§ **What you have to do**
Output all records below verbatim.

§ **Data excerpts**
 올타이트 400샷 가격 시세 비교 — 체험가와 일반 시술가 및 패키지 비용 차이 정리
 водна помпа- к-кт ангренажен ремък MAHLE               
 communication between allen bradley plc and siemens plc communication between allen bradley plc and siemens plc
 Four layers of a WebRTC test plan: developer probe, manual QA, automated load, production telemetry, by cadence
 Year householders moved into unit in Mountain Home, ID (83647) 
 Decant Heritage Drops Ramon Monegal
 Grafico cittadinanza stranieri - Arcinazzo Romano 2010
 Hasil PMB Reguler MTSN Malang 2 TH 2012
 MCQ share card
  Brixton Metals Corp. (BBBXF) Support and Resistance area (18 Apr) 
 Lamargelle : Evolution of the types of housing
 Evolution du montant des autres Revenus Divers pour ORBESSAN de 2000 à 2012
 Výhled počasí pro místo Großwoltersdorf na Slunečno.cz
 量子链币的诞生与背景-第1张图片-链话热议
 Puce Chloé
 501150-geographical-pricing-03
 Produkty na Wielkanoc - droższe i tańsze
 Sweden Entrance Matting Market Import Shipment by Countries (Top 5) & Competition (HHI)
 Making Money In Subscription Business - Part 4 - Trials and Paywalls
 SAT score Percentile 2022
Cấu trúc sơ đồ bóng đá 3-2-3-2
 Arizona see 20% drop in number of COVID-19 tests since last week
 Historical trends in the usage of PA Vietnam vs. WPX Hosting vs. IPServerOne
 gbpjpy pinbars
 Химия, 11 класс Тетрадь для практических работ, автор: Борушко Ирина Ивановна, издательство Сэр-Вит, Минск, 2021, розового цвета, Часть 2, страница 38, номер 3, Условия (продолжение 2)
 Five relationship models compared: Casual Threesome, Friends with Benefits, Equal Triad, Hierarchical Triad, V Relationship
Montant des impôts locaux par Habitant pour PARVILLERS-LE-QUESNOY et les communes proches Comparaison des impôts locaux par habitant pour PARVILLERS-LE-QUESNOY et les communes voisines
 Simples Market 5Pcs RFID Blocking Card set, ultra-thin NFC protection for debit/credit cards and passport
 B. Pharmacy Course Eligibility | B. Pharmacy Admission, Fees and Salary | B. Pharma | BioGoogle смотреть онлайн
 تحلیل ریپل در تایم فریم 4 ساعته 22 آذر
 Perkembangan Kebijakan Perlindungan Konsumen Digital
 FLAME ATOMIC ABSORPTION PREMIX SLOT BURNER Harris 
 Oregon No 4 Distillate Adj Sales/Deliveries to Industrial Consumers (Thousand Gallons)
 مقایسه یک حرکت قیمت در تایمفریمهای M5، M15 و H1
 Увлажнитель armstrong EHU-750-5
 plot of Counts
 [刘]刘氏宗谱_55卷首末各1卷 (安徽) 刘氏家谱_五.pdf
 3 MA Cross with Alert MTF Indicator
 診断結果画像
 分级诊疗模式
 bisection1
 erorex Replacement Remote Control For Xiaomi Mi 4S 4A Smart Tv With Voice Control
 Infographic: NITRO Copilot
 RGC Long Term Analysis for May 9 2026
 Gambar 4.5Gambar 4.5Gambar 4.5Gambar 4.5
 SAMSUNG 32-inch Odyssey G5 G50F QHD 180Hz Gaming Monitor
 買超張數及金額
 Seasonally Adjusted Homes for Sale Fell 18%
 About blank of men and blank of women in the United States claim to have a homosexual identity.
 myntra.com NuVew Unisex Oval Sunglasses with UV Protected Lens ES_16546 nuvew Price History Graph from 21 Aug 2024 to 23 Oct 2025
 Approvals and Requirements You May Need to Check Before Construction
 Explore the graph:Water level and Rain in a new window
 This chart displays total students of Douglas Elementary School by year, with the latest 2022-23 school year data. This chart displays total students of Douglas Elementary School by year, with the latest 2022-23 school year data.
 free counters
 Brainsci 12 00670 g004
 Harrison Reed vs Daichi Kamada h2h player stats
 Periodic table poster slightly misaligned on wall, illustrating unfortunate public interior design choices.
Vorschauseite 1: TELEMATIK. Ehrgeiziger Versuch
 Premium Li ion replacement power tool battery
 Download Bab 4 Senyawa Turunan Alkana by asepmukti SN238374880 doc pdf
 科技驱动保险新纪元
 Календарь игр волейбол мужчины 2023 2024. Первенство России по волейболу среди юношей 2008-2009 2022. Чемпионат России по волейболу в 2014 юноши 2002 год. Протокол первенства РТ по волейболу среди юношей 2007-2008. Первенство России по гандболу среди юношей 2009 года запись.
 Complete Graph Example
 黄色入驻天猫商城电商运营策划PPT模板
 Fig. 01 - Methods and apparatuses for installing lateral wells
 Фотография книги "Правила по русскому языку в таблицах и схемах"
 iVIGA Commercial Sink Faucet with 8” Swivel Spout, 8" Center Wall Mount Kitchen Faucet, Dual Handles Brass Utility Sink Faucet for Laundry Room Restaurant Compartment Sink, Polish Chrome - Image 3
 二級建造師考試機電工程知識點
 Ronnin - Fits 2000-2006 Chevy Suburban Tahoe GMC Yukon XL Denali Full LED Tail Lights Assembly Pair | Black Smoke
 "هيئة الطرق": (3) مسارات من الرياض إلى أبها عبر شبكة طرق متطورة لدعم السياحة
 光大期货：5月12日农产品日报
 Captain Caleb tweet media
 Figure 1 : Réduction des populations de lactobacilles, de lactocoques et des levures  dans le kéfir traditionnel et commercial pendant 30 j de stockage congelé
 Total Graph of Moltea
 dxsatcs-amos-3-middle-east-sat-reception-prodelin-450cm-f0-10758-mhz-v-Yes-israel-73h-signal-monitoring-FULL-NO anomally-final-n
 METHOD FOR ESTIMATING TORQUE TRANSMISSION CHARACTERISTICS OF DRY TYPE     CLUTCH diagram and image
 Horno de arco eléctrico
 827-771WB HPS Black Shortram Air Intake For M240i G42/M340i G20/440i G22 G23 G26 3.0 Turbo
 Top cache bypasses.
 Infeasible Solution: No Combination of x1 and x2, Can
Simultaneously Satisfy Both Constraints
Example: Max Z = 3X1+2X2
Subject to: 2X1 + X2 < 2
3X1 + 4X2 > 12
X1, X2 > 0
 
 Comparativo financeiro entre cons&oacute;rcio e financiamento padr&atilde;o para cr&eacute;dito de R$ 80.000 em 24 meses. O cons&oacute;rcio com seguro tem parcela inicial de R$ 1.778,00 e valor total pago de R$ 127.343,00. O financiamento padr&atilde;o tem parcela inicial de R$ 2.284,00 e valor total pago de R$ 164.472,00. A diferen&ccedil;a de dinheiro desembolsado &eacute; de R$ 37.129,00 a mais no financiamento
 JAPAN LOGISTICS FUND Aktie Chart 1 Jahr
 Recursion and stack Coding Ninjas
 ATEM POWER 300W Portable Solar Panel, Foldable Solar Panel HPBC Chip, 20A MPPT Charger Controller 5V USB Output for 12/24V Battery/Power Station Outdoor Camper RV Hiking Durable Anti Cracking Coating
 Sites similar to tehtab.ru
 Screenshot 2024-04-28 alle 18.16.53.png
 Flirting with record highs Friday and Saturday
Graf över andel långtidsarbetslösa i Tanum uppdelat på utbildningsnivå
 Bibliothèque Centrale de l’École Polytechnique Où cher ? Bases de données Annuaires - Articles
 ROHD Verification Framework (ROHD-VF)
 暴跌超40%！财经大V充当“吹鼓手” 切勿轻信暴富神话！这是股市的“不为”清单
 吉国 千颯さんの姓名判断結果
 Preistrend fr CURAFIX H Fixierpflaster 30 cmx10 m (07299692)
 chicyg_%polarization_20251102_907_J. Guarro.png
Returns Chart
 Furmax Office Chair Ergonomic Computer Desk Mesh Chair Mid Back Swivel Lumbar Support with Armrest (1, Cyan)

§ **Output of the task**
 올타이트 400샷 가격 시세 비교 — 체험가와 일반 시술가 및 패키지 비용 차이 정리
 водна помпа- к-кт ангренажен ремък MAHLE               
 communication between allen bradley plc and siemens plc communication between allen bradley plc and siemens plc
 Four layers of a WebRTC test plan: developer probe, manual QA, automated load, production telemetry, by cadence
 Year householders moved into unit in Mountain Home, ID (83647) 
 Decant Heritage Drops Ramon Monegal
 Grafico cittadinanza stranieri - Arcinazzo Romano 2010
 Hasil PMB Reguler MTSN Malang 2 TH 2012
 MCQ share card
  Brixton Metals Corp. (BBBXF) Support and Resistance area (18 Apr) 
 Lamargelle : Evolution of the types of housing
 Evolution du montant des autres Revenus Divers pour ORBESSAN de 2000 à 2012
 Výhled počasí pro místo Großwoltersdorf na Slunečno.cz
 量子链币的诞生与背景-第1张图片-链话热议
 Puce Chloé
 501150-geographical-pricing-03
 Produkty na Wielkanoc - droższe i tańsze
 Sweden Entrance Matting Market Import Shipment by Countries (Top 5) & Competition (HHI)
 Making Money In Subscription Business - Part 4 - Trials and Paywalls
 SAT score Percentile 2022
Cấu trúc sơ đồ bóng đá 3-2-3-2
 Arizona see 20% drop in number of COVID-19 tests since last week
 Historical trends in the usage of PA Vietnam vs. WPX Hosting vs. IPServerOne
 gbpjpy pinbars
 Химия, 11 класс Тетрадь для практических работ, автор: Борушко Ирина Ивановна, издательство Сэр-Вит, Минск, 2021, розового цвета, Часть 2, страница 38, номер 3, Условия (продолжение 2)
 Five relationship models compared: Casual Threesome, Friends with Benefits, Equal Triad, Hierarchical Triad, V Relationship
Montant des impôts locaux par Habitant pour PARVILLERS-LE-QUESNOY et les communes proches Comparaison des impôts locaux par habitant pour PARVILLERS-LE-QUESNOY et les communes voisines
 Simples Market 5Pcs RFID Blocking Card set, ultra-thin NFC protection for debit/credit cards and passport
 B. Pharmacy Course Eligibility | B. Pharmacy Admission, Fees and Salary | B. Pharma | BioGoogle смотреть онлайн
 تحلیل ریپل در تایم فریم 4 ساعته 22 آذر
 Perkembangan Kebijakan Perlindungan Konsumen Digital
 FLAME ATOMIC ABSORPTION PREMIX SLOT BURNER Harris 
 Oregon No 4 Distillate Adj Sales/Deliveries to Industrial Consumers (Thousand Gallons)
 مقایسه یک حرکت قیمت در تایمفریمهای M5، M15 و H1
 Увлажнитель armstrong EHU-750-5
 plot of Counts
 [刘]刘氏宗谱_55卷首末各1卷 (安徽) 刘氏家谱_五.pdf
 3 MA Cross with Alert MTF Indicator
 診断結果画像
 分级诊疗模式
 bisection1
 erorex Replacement Remote Control For Xiaomi Mi 4S 4A Smart Tv With Voice Control
 Infographic: NITRO Copilot
 RGC Long Term Analysis for May 9 2026
 Gambar 4.5Gambar 4.5Gambar 4.5Gambar 4.5
 SAMSUNG 32-inch Odyssey G5 G50F QHD 180Hz Gaming Monitor
 買超張數及金額
 Seasonally Adjusted Homes for Sale Fell 18%
 About blank of men and blank of women in the United States claim to have a homosexual identity.
 myntra.com NuVew Unisex Oval Sunglasses with UV Protected Lens ES_16546 nuvew Price History Graph from 21 Aug 2024 to 23 Oct 2025
 Approvals and Requirements You May Need to Check Before Construction
 Explore the graph:Water level and Rain in a new window
 This chart displays total students of Douglas Elementary School by year, with the latest 2022-23 school year data. This chart displays total students of Douglas Elementary School by year, with the latest 2022-23 school year data.
 free counters
 Brainsci 12 00670 g004
 Harrison Reed vs Daichi Kamada h2h player stats
 Periodic table poster slightly misaligned on wall, illustrating unfortunate public interior design choices.
Vorschauseite 1: TELEMATIK. Ehrgeiziger Versuch
 Premium Li ion replacement power tool battery
 Download Bab 4 Senyawa Turunan Alkana by asepmukti SN238374880 doc pdf
 科技驱动保险新纪元
 Календарь игр волейбол мужчины 2023 2024. Первенство России по волейболу среди юношей 2008-2009 2022. Чемпионат России по волейболу в 2014 юноши 2002 год. Протокол первенства РТ по волейболу среди юношей 2007-2008. Первенство России по гандболу среди юношей 2009 года запись.
 Complete Graph Example
 黄色入驻天猫商城电商运营策划PPT模板
 Fig. 01 - Methods and apparatuses for installing lateral wells
 Фотография книги "Правила по русскому языку в таблицах и схемах"
 iVIGA Commercial Sink Faucet with 8” Swivel Spout, 8" Center Wall Mount Kitchen Faucet, Dual Handles Brass Utility Sink Faucet for Laundry Room Restaurant Compartment Sink, Polish Chrome - Image 3
 二級建造師考試機電工程知識點
 Ronnin - Fits 2000-2006 Chevy Suburban Tahoe GMC Yukon XL Denali Full LED Tail Lights Assembly Pair | Black Smoke
 "هيئة الطرق": (3) مسارات من الرياض إلى أبها عبر شبكة طرق متطورة لدعم السياحة
 光大期货：5月12日农产品日报
 Captain Caleb tweet media
 Figure 1 : Réduction des populations de lactobacilles, de lactocoques et des levures  dans le kéfir traditionnel et commercial pendant 30 j de stockage congelé
 Total Graph of Moltea
 dxsatcs-amos-3-middle-east-sat-reception-prodelin-450cm-f0-10758-mhz-v-Yes-israel-73h-signal-monitoring-FULL-NO anomally-final-n
 METHOD FOR ESTIMATING TORQUE TRANSMISSION CHARACTERISTICS OF DRY TYPE     CLUTCH diagram and image
 Horno de arco eléctrico
 827-771WB HPS Black Shortram Air Intake For M240i G42/M340i G20/440i G22 G23 G26 3.0 Turbo
 Top cache bypasses.
 Infeasible Solution: No Combination of x1 and x2, Can
Simultaneously Satisfy Both Constraints
Example: Max Z = 3X1+2X2
Subject to: 2X1 + X2 < 2
3X1 + 4X2 > 12
X1, X2 > 0
 
 Comparativo financeiro entre cons&oacute;rcio e financiamento padr&atilde;o para cr&eacute;dito de R$ 80.000 em 24 meses. O cons&oacute;rcio com seguro tem parcela inicial de R$ 1.778,00 e valor total pago de R$ 127.343,00. O financiamento padr&atilde;o tem parcela inicial de R$ 2.284,00 e valor total pago de R$ 164.472,00. A diferen&ccedil;a de dinheiro desembolsado &eacute; de R$ 37.129,00 a mais no financiamento
 JAPAN LOGISTICS FUND Aktie Chart 1 Jahr
 Recursion and stack Coding Ninjas
 ATEM POWER 300W Portable Solar Panel, Foldable Solar Panel HPBC Chip, 20A MPPT Charger Controller 5V USB Output for 12/24V Battery/Power Station Outdoor Camper RV Hiking Durable Anti Cracking Coating
 Sites similar to tehtab.ru
 Screenshot 2024-04-28 alle 18.16.53.png
 Flirting with record highs Friday and Saturday
Graf över andel långtidsarbetslösa i Tanum uppdelat på utbildningsnivå
 Bibliothèque Centrale de l’École Polytechnique Où cher ? Bases de données Annuaires - Articles
 ROHD Verification Framework (ROHD-VF)
 暴跌超40%！财经大V充当“吹鼓手” 切勿轻信暴富神话！这是股市的“不为”清单
 吉国 千颯さんの姓名判断結果
 Preistrend fr CURAFIX H Fixierpflaster 30 cmx10 m (07299692)
 chicyg_%polarization_20251102_907_J. Guarro.png
Returns Chart
 Furmax Office Chair Ergonomic Computer Desk Mesh Chair Mid Back Swivel Lumbar Support with Armrest (1, Cyan)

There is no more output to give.